Suppose that I was a nursing educator, I would recognize the cultural, gender and age differences in dealing with the elderly patients at the nursing home. I would encourage both cordial oral and written communication that would assist students to convey ideas in all situations in the nursing home. I would encourage creative thinking and critical reasoning skills in order for learners to reduce diagnostic errors, drug prescription errors, and equipment failures. I would provide immediate feedback to learners and encourage open discussions. The above strategies will improve communication between nursing assistants and patients, reduce medical errors and create a good learning environment that encourages creativity and reflective learning (Tanner, 152).
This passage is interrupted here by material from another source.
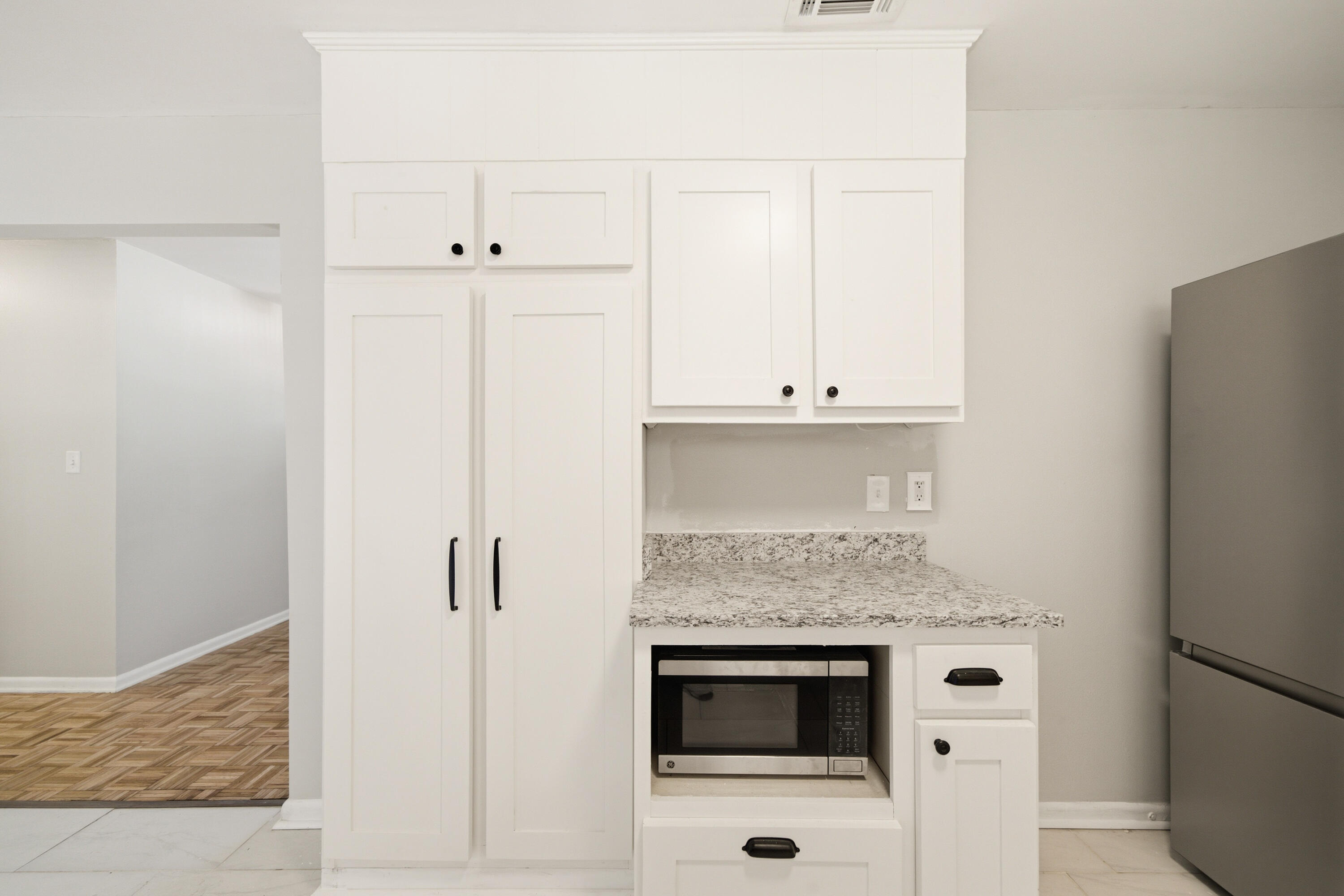 OAKLAND HEIGHTS - Residential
Reflective learning can be incorporated in this learning situation. The educator should tell stories such as case studies of his or her previous practice experience in dealing with elderly patients. Social interactions and practical experiences can facilitate a learner’s reflective learning. Keeping journals, making short notes, narratives and oral interviews at the nursing home can assist the learning to reflect on prior knowledge and processes thus avoiding diagnosis and drug prescription errors. Comparing and contrasting different learning experiences can also assist in reflection learning. The physical environment such as poor ventilation and high temperature could have hindered reflective learning (Haskvitz & Koop, 184).
Conclusion
Communication breakdowns, poor ventilation, diagnosis errors and patient accidents are some of the unsatisfying experience I encountered as a nursing assistant. Reflective learning through oral interviews, case studies, making short notes and provision of feedback will assist in creative learning of the nursing students.